Results 1 to 7 of 7

Math Help - Limit of Markov Chain

  1. #1
    Junior Member
    Joined
    Nov 2009
    Posts
    57

    Limit of Markov Chain

    Consider an homogeneous, ergodic Markov Chain (\omega_0, \omega_1,\ldots) with a finite state space X=\{1,\ldots,r\}, the transition matrix P and the stationnary distribution \pi.
    Given that \pi is also the initial distribution, what is the limit:

    \lim_{n\to \infty} \frac{\ln \mathbb{P}(\omega_i \neq 1,\ 0\leq i \leq n)}{n}

    One approach is to use Renewal Theory and consider probabilities that \{\omega_i =1\} for the first time. However, my application of this approach gives the same result as if each step of the chain was completely independent from the previous one, hence any past one. Could this be right?

    Thanks for your help.
    Follow Math Help Forum on Facebook and Google+

  2. #2
    MHF Contributor

    Joined
    Aug 2008
    From
    Paris, France
    Posts
    1,174
    Hi,
    I would be curious to know how you're applying the renewal theorem here. For me, the renewal theorem tells that the "excursions" outside a given state are i.i.d. (this is just Markov property actually), thus if H^n_x is the time of n-th visit of state x (with H^1_x\geq 1) we have P_x(\omega_i\neq  1, 0\leq i\leq H^n_x)=P_x(\omega_i\neq 1, 0\leq i\leq H_x)^n. Since E[H^n_x]=nE[H_x]=\frac{n}{\pi(x)}, I would conjecture that the limit is \max_x \pi(x)\log P_x(\omega_i\neq  1, 0\leq i\leq H_x), but I have no formal proof. The max comes from the usual (\lambda_1(a_1)^n+\cdots+\lambda_n(a_k)^n)^{1/n}\to_n \max (a_1,\ldots,a_n) (if \lambda_i>0), and P_\pi(\cdot)=\sum_x \pi(x)P_x(\cdot). The step from conjecture to formal proof would go through replacing n by the renewal time H^k_x that is closest to n.

    Another approach would be using matrices. Indeed, one can read the quantity P_\pi(\omega\neq 1,0\leq i\leq n) on a matrix product... Denote by \widetilde{P} the matrix obtained from P by putting 0's on the first line and first column: \widetilde{P}_{1x}=\widetilde{P}_{x1}=0 for any x. Then P_\pi(\omega_i\neq 1,0\leq i\leq n)=\sum_x (\pi\widetilde{P}^n)_x. Indeed, the probability of paths that don't go through state 1 can be computed with \widetilde{P} with no change, and paths that go through state 1 lead to a term equal to 0 in the matrix product.

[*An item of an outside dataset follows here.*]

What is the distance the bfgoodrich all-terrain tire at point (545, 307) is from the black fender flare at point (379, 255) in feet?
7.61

It would also be possible to put 0's only on the first line and consider \sum_x (\pi\widetilde{P}^{n+1})_x (paths of length n+1 that don't exit from x at any time correspond to paths of length n that don't visit x at any time).
    Then \left(\sum_x (\pi \widetilde{P}^n)_x\right)^{1/n}\sim  \left(\max_i \sum_j (\widetilde{P}^n)_{ij}\right)^{1/n}=\|\widetilde{P}^n\|^{1/n}=\rho(\widetilde{P}) is the largest eigenvalue of \widetilde{P} (in modulus)... its logarithm would therefore be the answer to the question. This resumes to an algebraic problem... that doesn't seem trivial? (but is numerically simple)
    Follow Math Help Forum on Facebook and Google+

  3. #3
    Junior Member
    Joined
    Nov 2009
    Posts
    57
    My initial idea was also to truncate P in order to generate only the right strings of states. But I had difficulty evaluating the limit, until I remembered the thread where we discussed stationary distributions and the spectral radius of the transition matrix. This is also the approach I used since to solve the problem (this post is a few days old.)

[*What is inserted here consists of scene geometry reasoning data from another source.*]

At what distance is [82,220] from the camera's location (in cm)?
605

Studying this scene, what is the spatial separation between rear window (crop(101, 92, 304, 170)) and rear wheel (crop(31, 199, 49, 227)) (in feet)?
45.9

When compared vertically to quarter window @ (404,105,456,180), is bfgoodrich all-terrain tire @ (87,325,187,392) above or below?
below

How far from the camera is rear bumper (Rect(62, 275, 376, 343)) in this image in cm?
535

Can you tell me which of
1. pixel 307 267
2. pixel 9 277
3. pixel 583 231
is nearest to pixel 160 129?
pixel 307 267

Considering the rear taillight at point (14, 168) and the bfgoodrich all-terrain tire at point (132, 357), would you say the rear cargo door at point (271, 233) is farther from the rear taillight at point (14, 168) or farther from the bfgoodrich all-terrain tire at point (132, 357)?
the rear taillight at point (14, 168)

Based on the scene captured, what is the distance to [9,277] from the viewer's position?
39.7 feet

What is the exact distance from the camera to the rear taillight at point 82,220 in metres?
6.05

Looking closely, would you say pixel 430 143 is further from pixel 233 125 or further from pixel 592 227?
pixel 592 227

    But this post had more to do with the reason why my application of renewal theory is wrong : I used the approach given by Feller in his book (An Introduction to Probability Theory and Its Applications, Volume 1, 3rd Edition - John Wiley & Sons - 1968), chapter XIII:

    Saying \omega_i \neq 1,\ 0\leq i \leq n is the same as saying that \omega_i = 1 for the first time for i > n. Define the variable \tau = \inf\{ i > 0 : \omega_i = 1\} (first hit to 1, similar to your notation H^1_1) and the probabilities \mathbb{P}(\tau = p)=f_p.

    Now, knowing that u_p = \mathbb{P}(\omega_p = 1) = \pi_1, we have the convolution relation: u_n=f_1u_{n-1}+f_2u_{n-2}+...+f_nu_0. Using generating polynomials one gets the link between f_p and u_p:

    U(s)=\Sigma_{p\geq 0} u_ps^p=\frac{1-(1-\pi_1)s}{1-s} and F(s)=1-\frac{1}{U(s)}=\frac{\pi_1s}{1-(1-\pi_1)s}=\pi_1s(1+(1-\pi_1)s+(1-\pi_1)^2s^2...) which gives a geometric distribution : f_0=0, f_p=\pi_1(1-\pi_1)^{n-1}, p>1.

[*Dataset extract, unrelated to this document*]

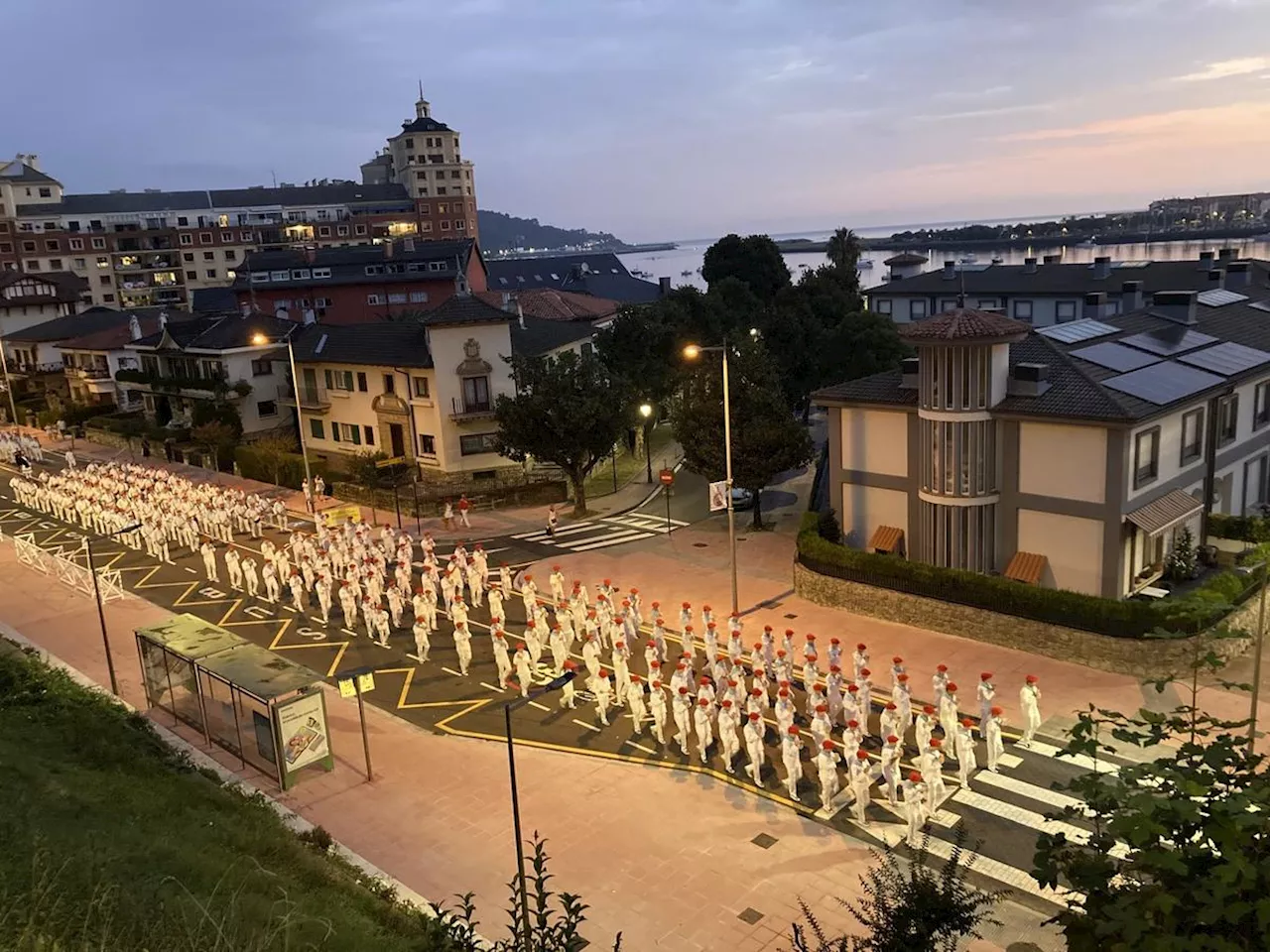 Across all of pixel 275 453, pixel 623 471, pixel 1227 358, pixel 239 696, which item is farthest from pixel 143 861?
pixel 275 453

    This gives us our probability: \mathbb{P}(\omega_i \neq 1,\ 0\leq i \leq n)=\Sigma_{p>n}f_p=1-\Sigma_1^n f_p = 1-\pi_1(1+...+(1-\pi_1)^{n-1})=...= (1-\pi_1)^n

    E.g. the final, without limit and obviously wrong result is ln(1-\pi_1).

    I've been trying to figure out why this is wrong : First, the convention set by Feller u_0 =1 and f_0=0 is at best dubious in this case. At least the " \omega_0" should not be understood here as it is in Feller's book. Second, the application of this approach is similar to the example given in the same book in the case of Bernoulli trials, e.g. an independent sequence of random variables. Here we have a Markov chain, and although it is ergodic, it is likely the wrong transition matrix is used here ( \lim_{n\rightarrow \infty}P^n instead of P).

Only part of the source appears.